Wanting to take the shot is fine, as is trying to catch the opponent off guard with a play-action look. However, you don't do it by only having two receivers running routes. If you wanted to sell the play-action, then line up in the formations you typically run the ball out of. 

Denver has a high pass rate out of 11-personnel, and the Chiefs never bought into the play-action as a result. Bridgewater ended up throwing it up as the interior offensive line broke down and nearly had this pass picked off. Bad design, bad call, and terrible execution. 

Play 4 | Second Quarter | 6:06 

Situation: 1st-&-10

This wasn't a terrible play-call, or bad design for that matter. What it does, though, is break a general rule of thumb when it comes to roll-out passes. You don't run roll-outs to the short end of the field, as Denver does here. 

Sometimes you can get away with it, but the timing and design have to be perfect. Neither was the case here, although the design wasn't bad. The route combination could have been cleaner to use the spacing better and help generate more space, potentially, for TE Albert Okwuegbunam after the catch. 
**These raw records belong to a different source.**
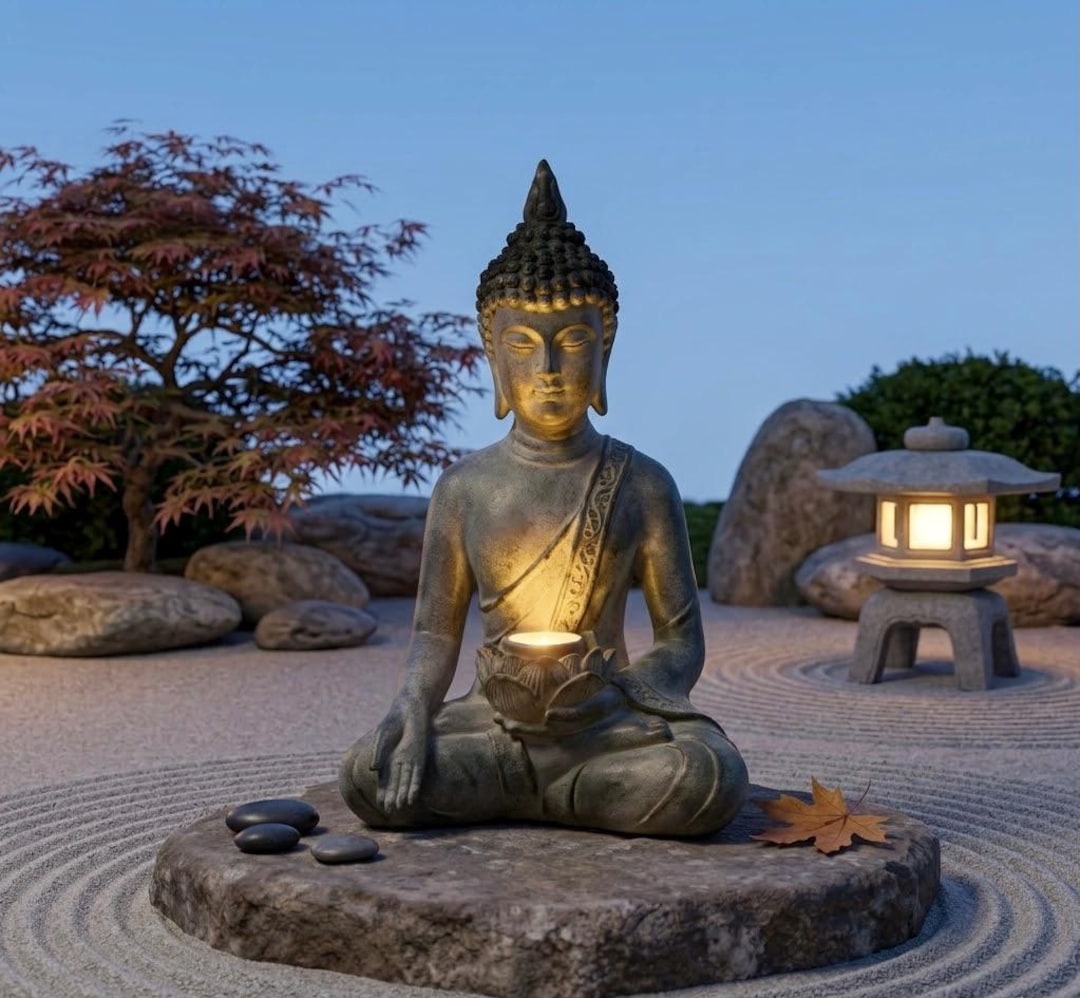 Solar Powered Meditating Buddha Statue, Rustic Zen Garden Decor ...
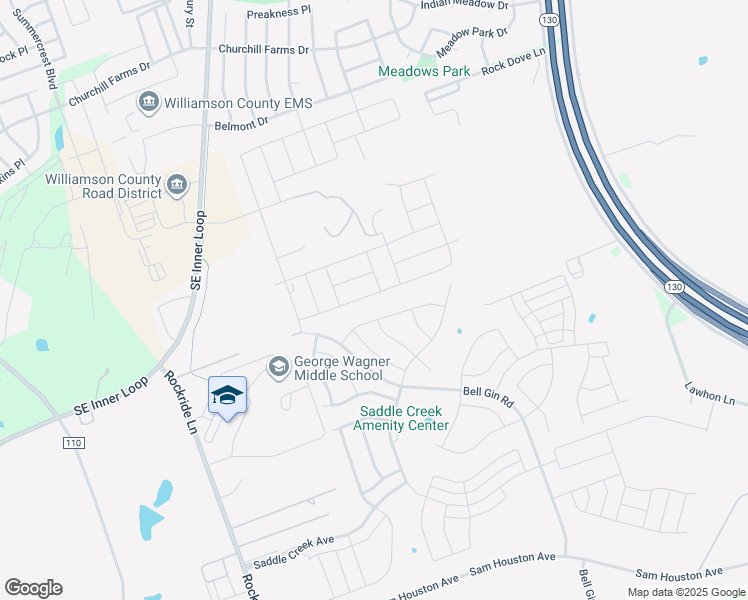 map of restaurants, bars, coffee shops, grocery stores, and more near 1201 Nokota Bend in Georgetown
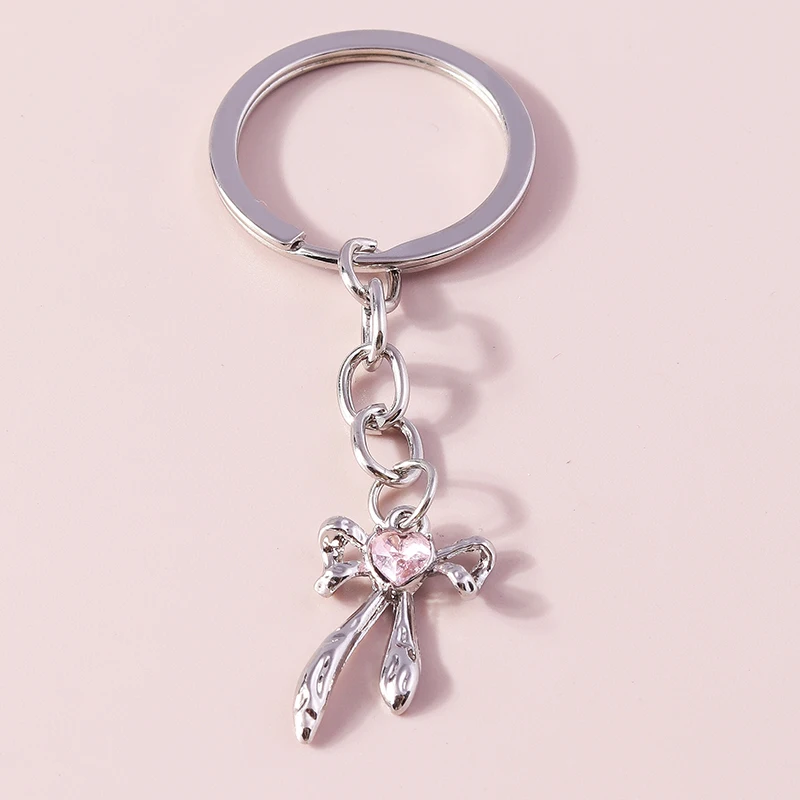 

Cute Crystal Bowknot Charms Keychains Souvenir Gifts for Women Men Car Key Handbag Pendants Keyrings DIY Jewelry Accessories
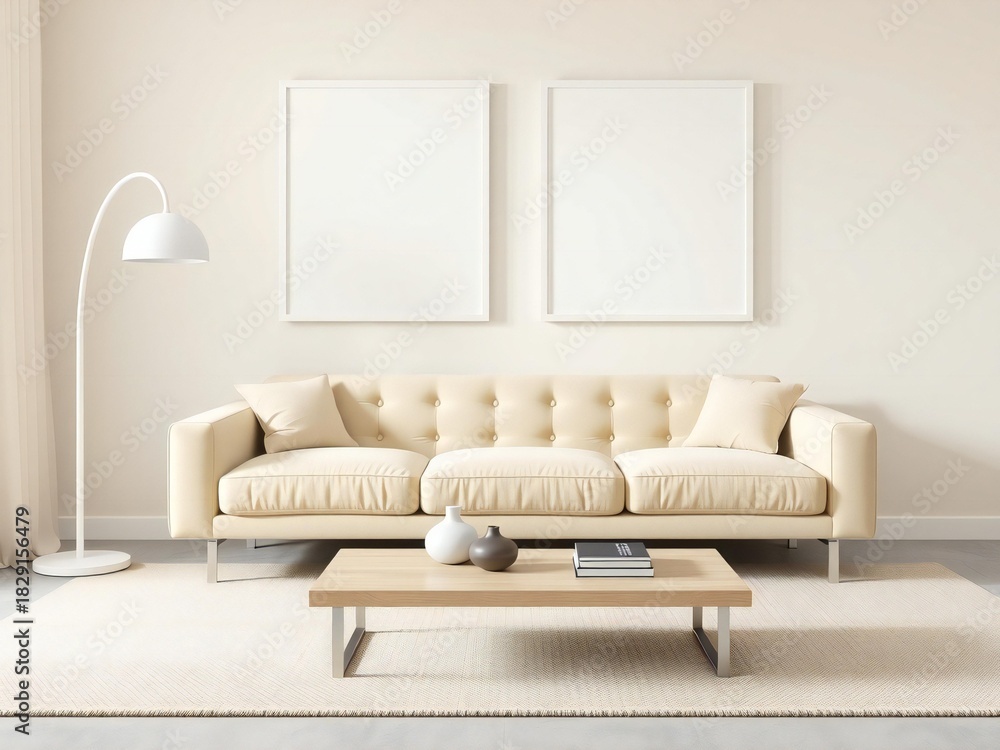 Fototapeta premium Modern living room with cream sofa and two blank frames on wall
Play 5 | Second Quarter | 1:22 

Situation: 3rd-&-4 | 4th-&-2

As a special prize, it's time to focus on the play sequencing that closed out the Broncos' 20-play drive that sucked 11:09 off the clock but ended with zero points. The question here is, did the Broncos intend to go for it before getting to fourth down?

The result implies the answer is affirmative based on how it played out. The third-down play call was actually a good design, but Bridgewater was way late to try and connect with Patrick, who had a chance to make the first down. However, if the Broncos were always going for it on fourth down, they should have kept it on the ground, which is basically how they drove so deep into Chiefs' territory. 

If the Broncos failed, they'd have minimized their potential for a turnover while maximizing the calls to their advantage. So the third-down call was a good design, just bad sequencing. 

Now, the Broncos followed up this botched third-down is why I'm confident they intended to go for it from the start. Denver didn't call a timeout. If the Broncos had to think about it, even if it was an easy decision, they should have called time-out to give the offense more time to get the right play call in. That should have been decided well before the offense lined up. 

Not calling a time-out led to the issues on the fourth-down call. There were many drawbacks to the design and the call came at the worst time. It confused multiple players on offense, which adds to why a time-out should have been called. 

Also, with it being fourth down, that's when you should call the pass play on a creative design to get someone open quickly. That would've required Shurmur to go away from his predictable play-calling and for Vic Fangio to use the time-outs instead of wasting them on failed challenges.